3. F-Measure The harmonic mean of accuracy and recall is a measure that combines precision and recall.

CONCLUSION

A precise and computationally efficient means of classifying medical data sets in the hope of providing some valuable information worth considering for various physiological and biomedical analyses. The multi-stage approach incorporates dimensionality reduction algorithms, several unattended clustering

algorithms and several supervised classification algorithms so that very large and high-dimensional medical data sets can be effectively and accurately profiled. Every volume prototype reduces the impact of variations in the distribution and density of data on the clustering outcome, while similarity-driven merging helps to determine the appropriate number of clusters, beginning with an overestimated number of clusters.
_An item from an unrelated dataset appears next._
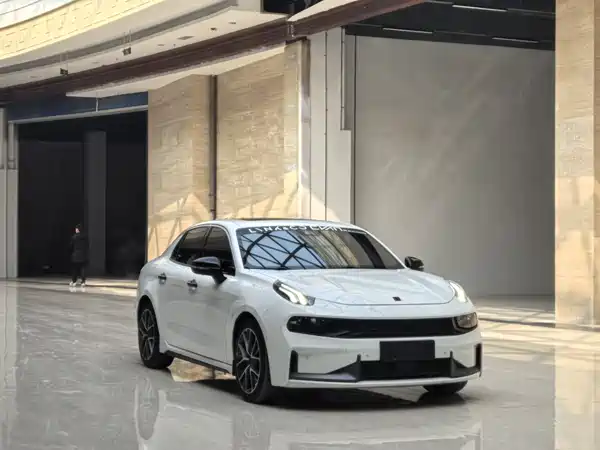 Lynk & Co 03 2022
The proposed algorithms for extended versions of the fuzzy c-means and the Gustafson–Kessel clustering algorithms are capable of automatically determining the appropriate data partition without additional user input. For this reason, an adaptive similarity threshold was suggested.

REFERENCES

[1] Chung, H. M., Gray, P. (1999), “Special Section: Data Mining”. Journal of Management Information Systems, (16:1), 11-17.

[2] Fayyad, U., Piatetsky-Shapiro, G., and Smyth, R (1996). "The KDD Process for Extracting Useful Knowledge from Volumes of Data," Communications of the ACM, (39:11), pp.27-34.